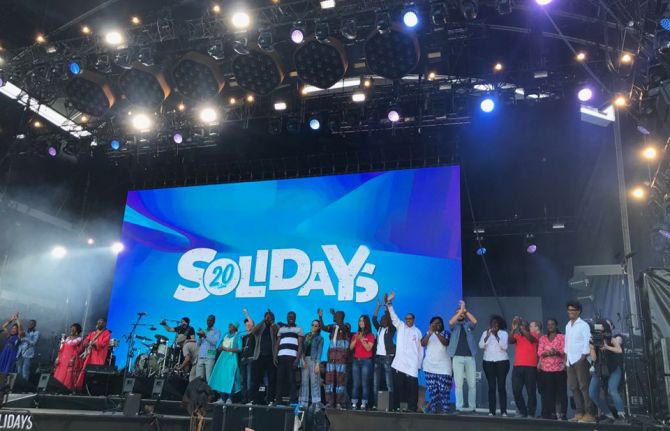 Le Festival Solidays à Paris réunit musique, solidarité, prévention VIH et encore de la musique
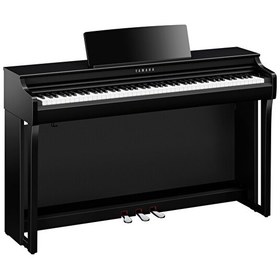 Resim Yamaha Clavinova CLP825PE Dijital Piyano (Parlak Siyah) 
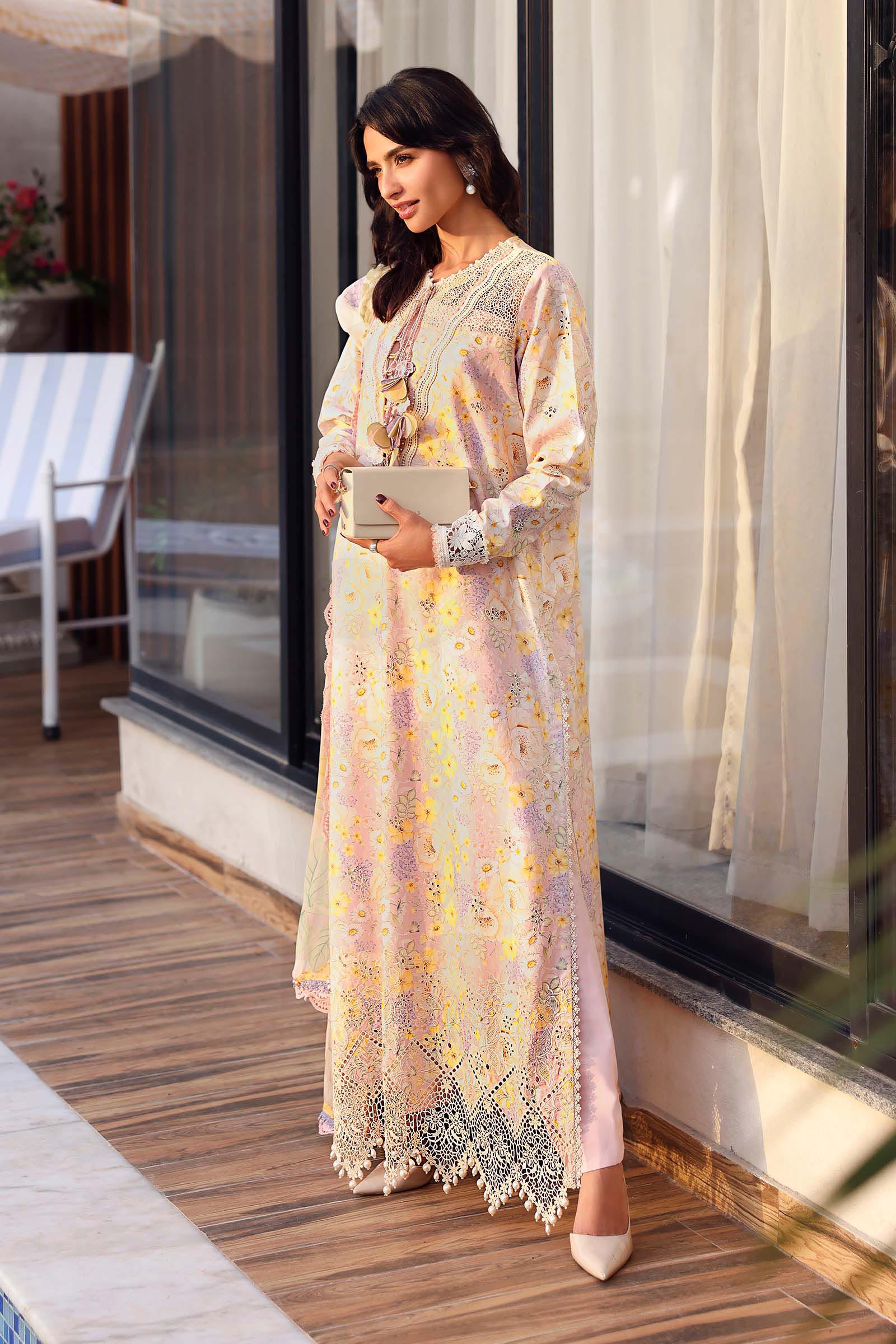 3 Piece Unstitched Embroidered Lawn Suit - Image 5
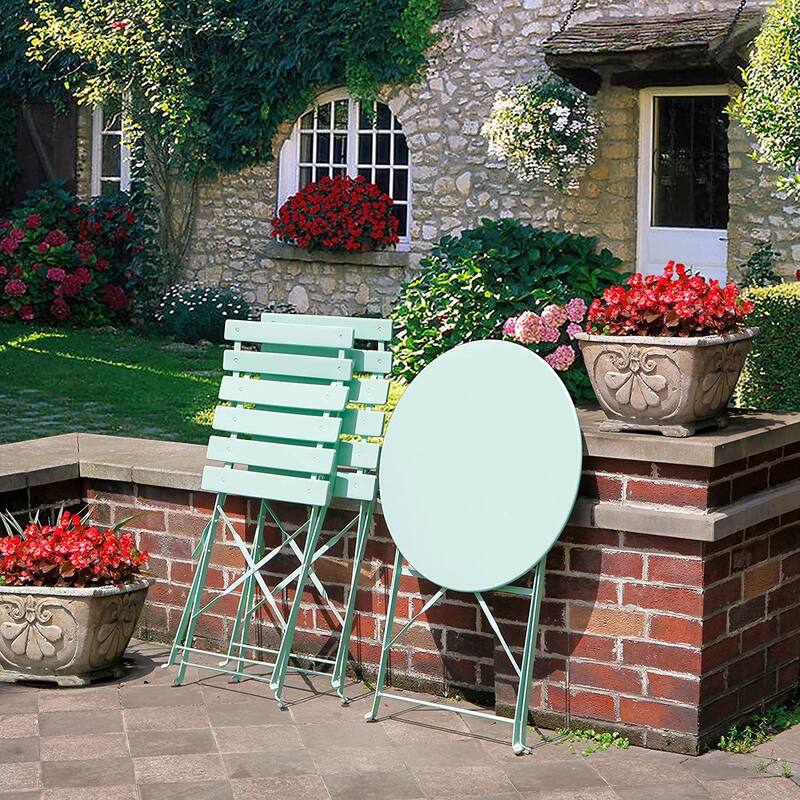 Round 2 Person - 23.6" Long Bistro Set (6 Colors )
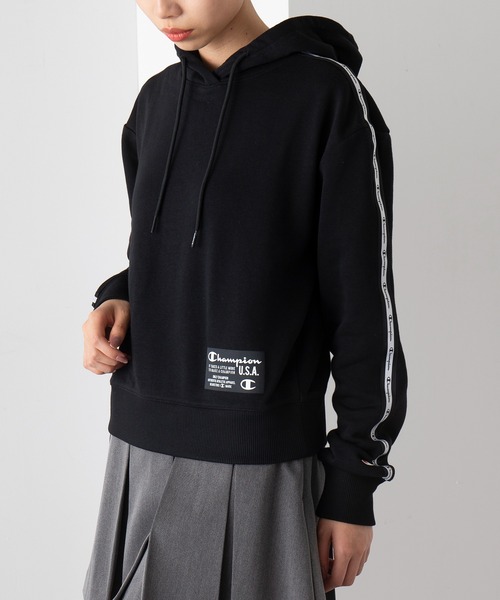 Champion（チャンピオン）の「【Champion】Crop Hoodie Jumper パーカー（パーカー・レディース・ホワイト/ブラック/パープル・S/M/XL/L）」の15枚目の写真
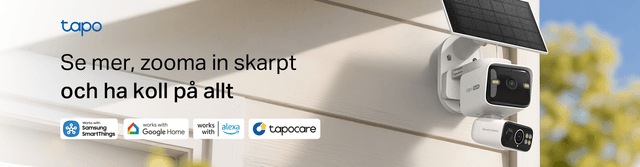 Tapo C645D KIT banner with the text "See wide, zoom clearly, complete security".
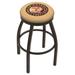 Holland Bar Stool NCAA 30" Swivel Bar Stool Upholstered/Metal in Blue/Black | Wayfair L8B2B30Indn-HD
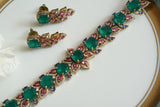 Green Stone Polki Choker Set (4-9781)(B)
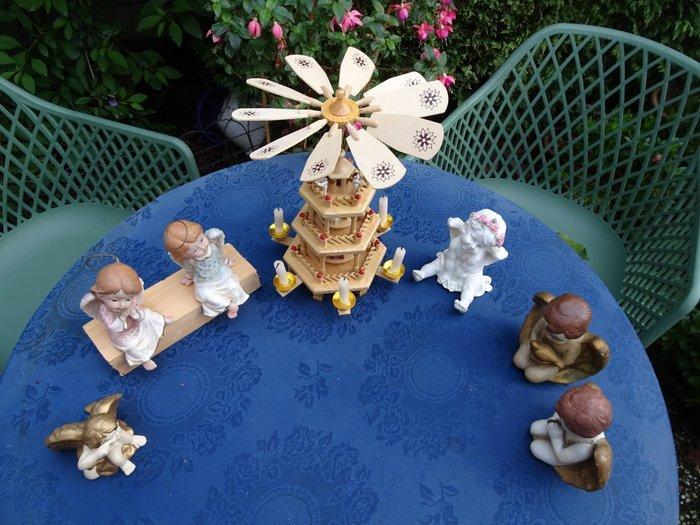 Dimontti - Kerstdecoratie Dimontti (7) - Porselein, Hout,, Diversen, Kerst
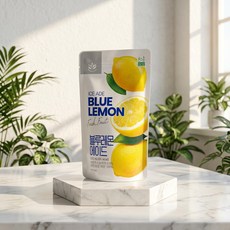 편의점 아이스 파우치 얼음음료BG 블루레몬에이드 230ml(10개), 10개, 230ml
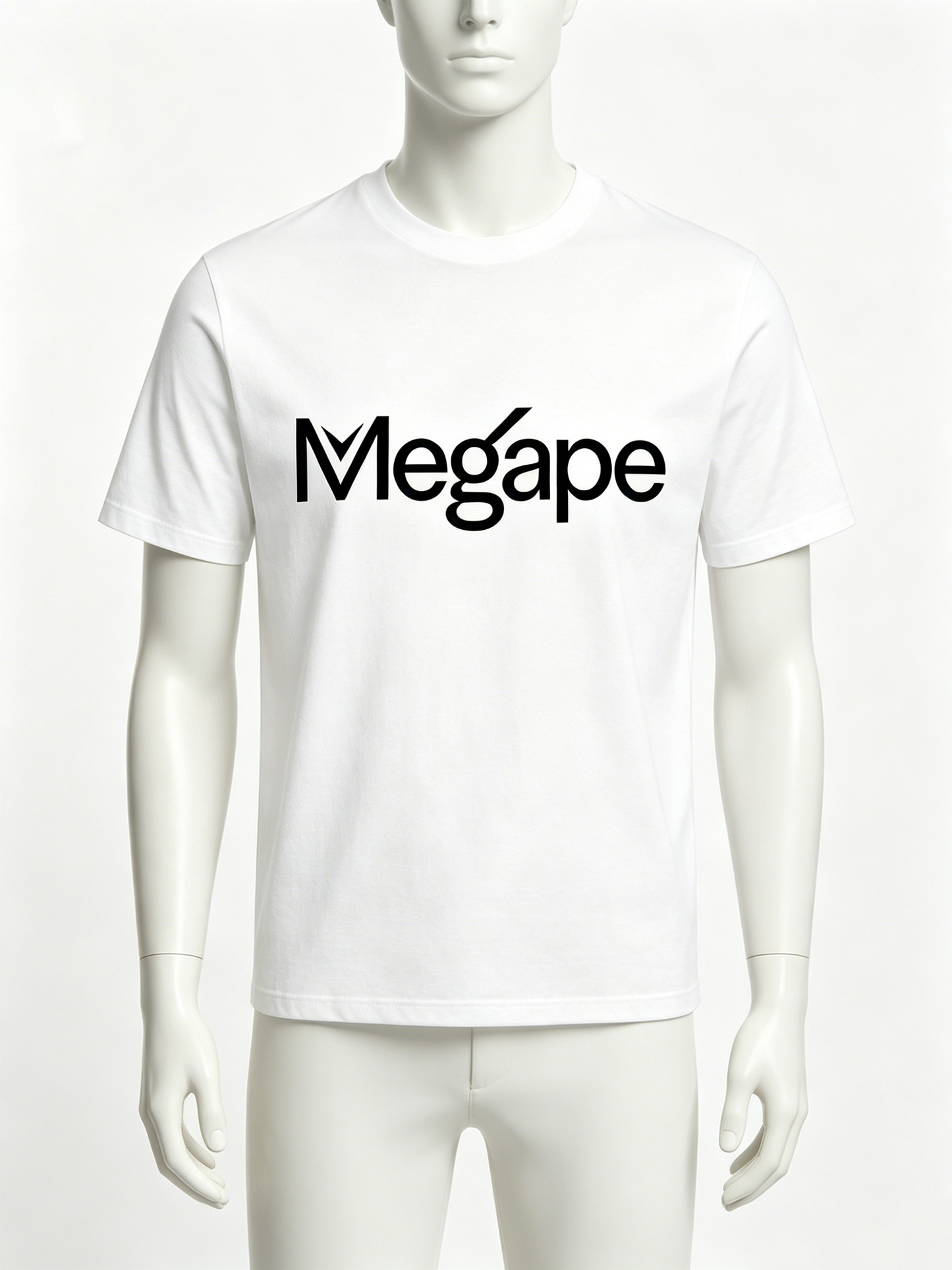 Megape Men’s Classic Crew Neck Short Sleeve T-Shirt, 100% Soft Cotton Casual Basic Tee, Minimal Letter Graphic Everyday Top for Daily Street Workout Wear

● ● ●

What you should do
Working from the records above, reproduce exactly the lines from the one with "Champion（チャンピオン）の「【Champion】Crop Hoodie Jumper" through the last line, without the pictures.

Response
 Champion（チャンピオン）の「【Champion】Crop Hoodie Jumper パーカー（パーカー・レディース・ホワイト/ブラック/パープル・S/M/XL/L）」の15枚目の写真
 Tapo C645D KIT banner with the text "See wide, zoom clearly, complete security".
 Holland Bar Stool NCAA 30" Swivel Bar Stool Upholstered/Metal in Blue/Black | Wayfair L8B2B30Indn-HD
 Green Stone Polki Choker Set (4-9781)(B)
 Dimontti - Kerstdecoratie Dimontti (7) - Porselein, Hout,, Diversen, Kerst
 편의점 아이스 파우치 얼음음료BG 블루레몬에이드 230ml(10개), 10개, 230ml
 Megape Men’s Classic Crew Neck Short Sleeve T-Shirt, 100% Soft Cotton Casual Basic Tee, Minimal Letter Graphic Everyday Top for Daily Street Workout Wear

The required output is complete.